Records to process —
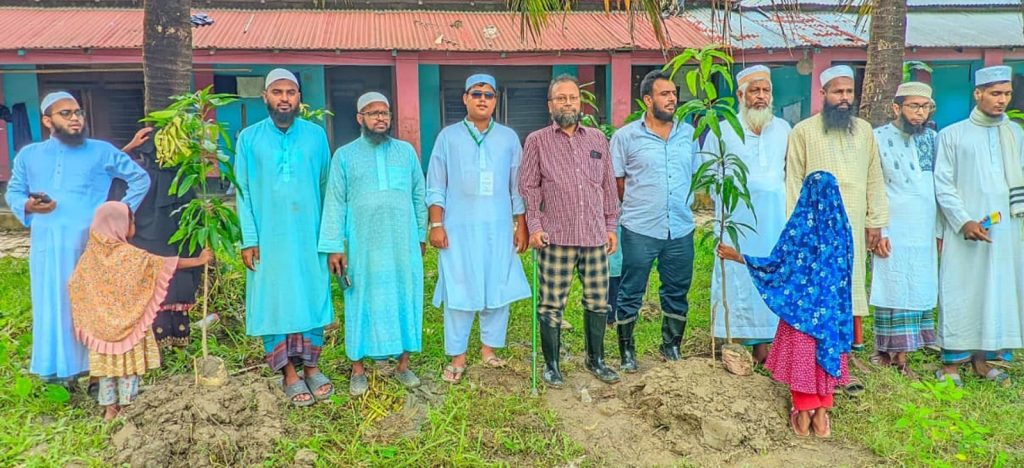 গলাচিপায় আস-সুন্নাহ ফাউন্ডেশনের বৃক্ষরোপণ কর্মসূচি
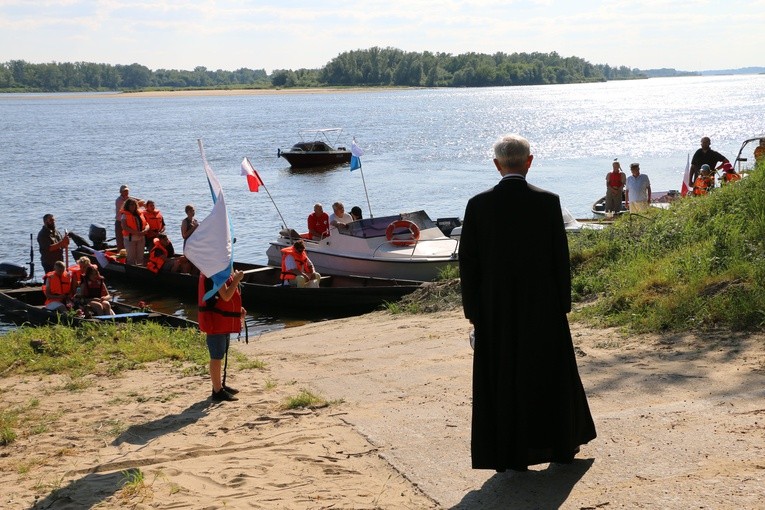 Czerwińsk n. Wisłą. Różaniec z bp. Piotrem Liberą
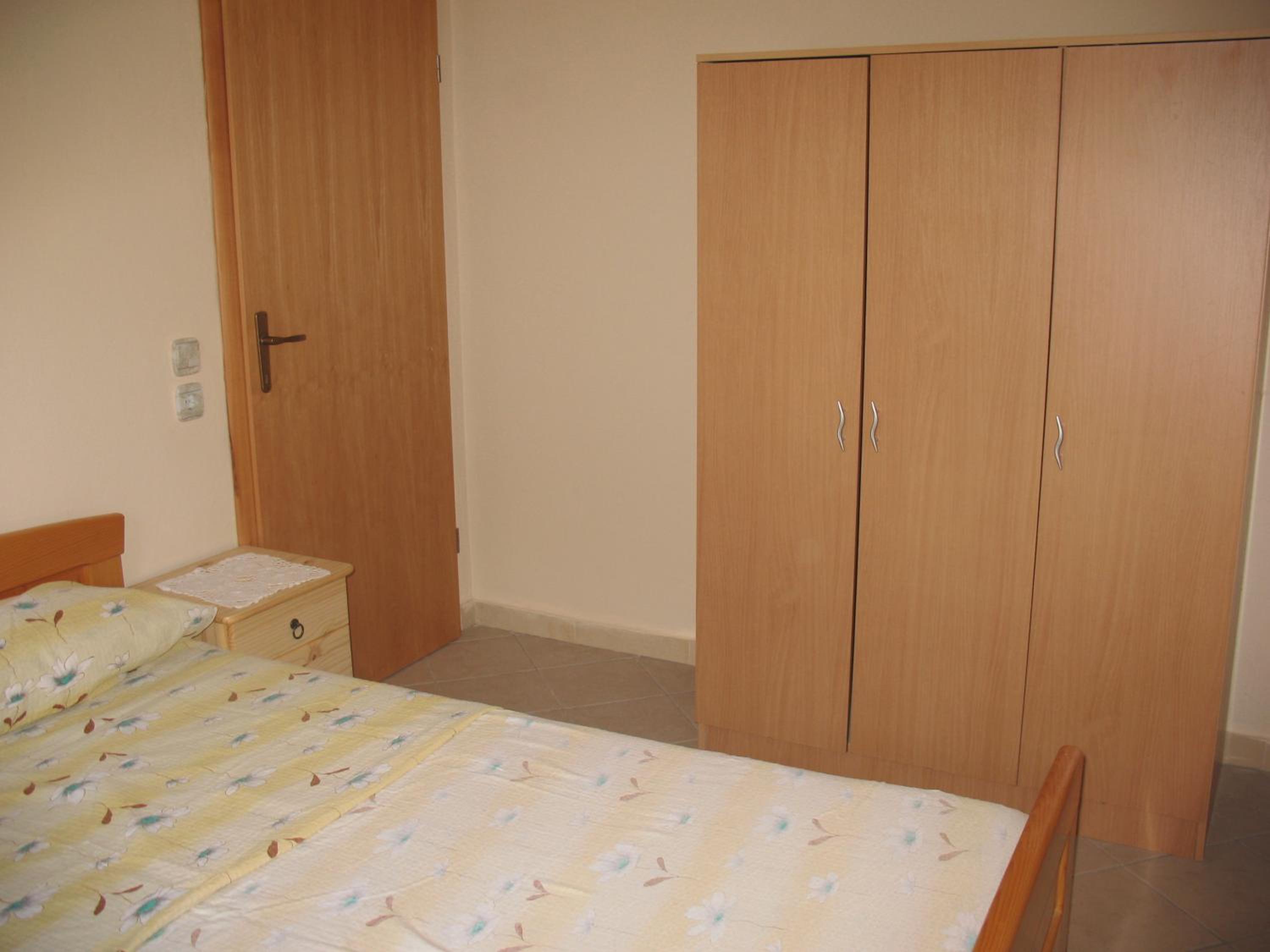 One-Bedroom Apartment photo 3
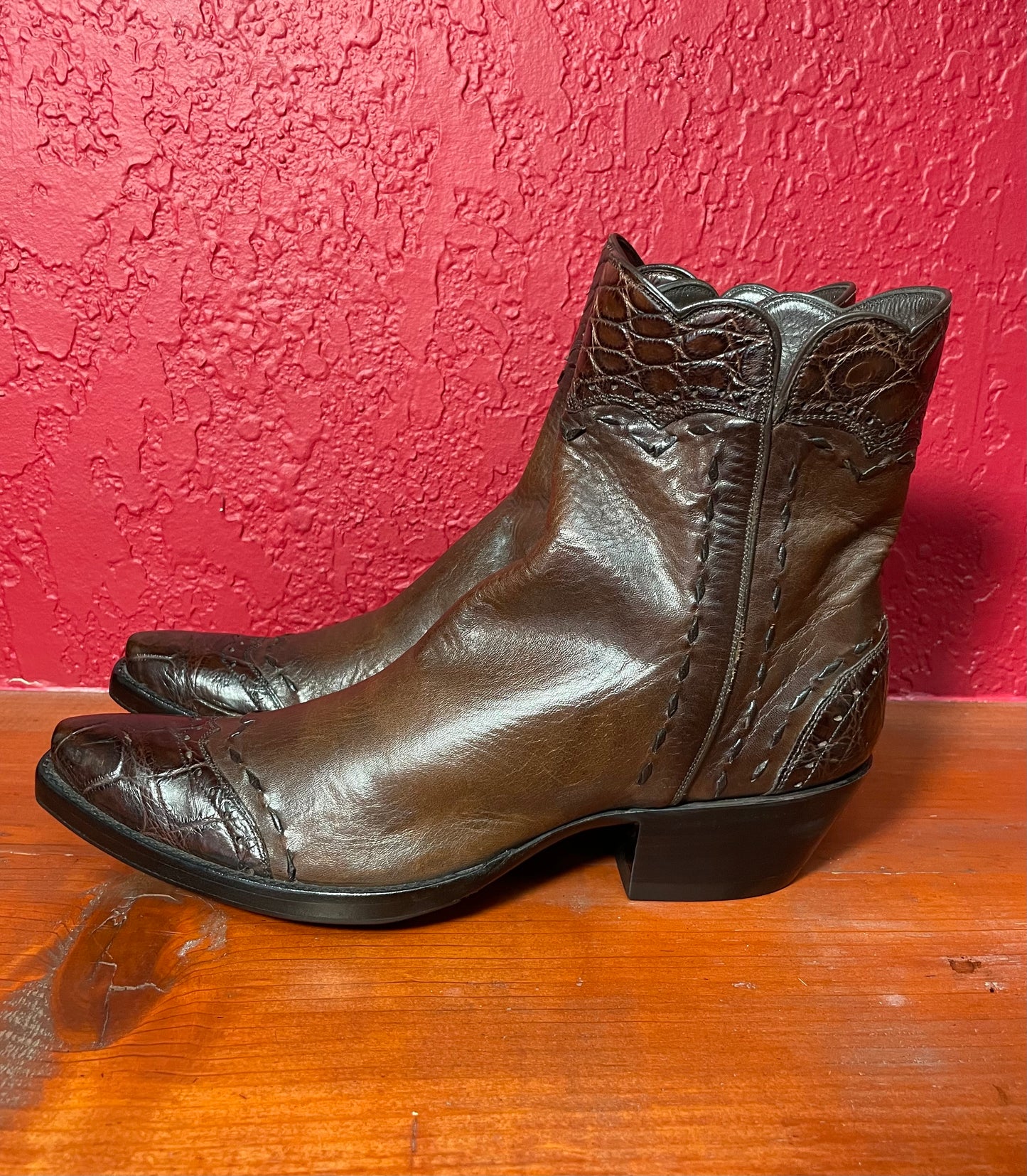 Bourbon Italian Calfskin with Sport Rust Gator Trim Zip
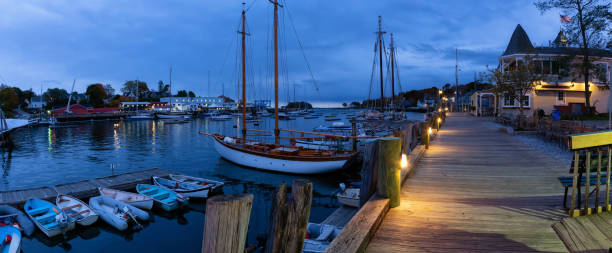 marina presso camden - town maine american culture camden maine foto e immagini stock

To do — When an image appears in the data, skip it and output the rest exactly.

Written answer —
 গলাচিপায় আস-সুন্নাহ ফাউন্ডেশনের বৃক্ষরোপণ কর্মসূচি
 Czerwińsk n. Wisłą. Różaniec z bp. Piotrem Liberą
 One-Bedroom Apartment photo 3
 Bourbon Italian Calfskin with Sport Rust Gator Trim Zip
 marina presso camden - town maine american culture camden maine foto e immagini stock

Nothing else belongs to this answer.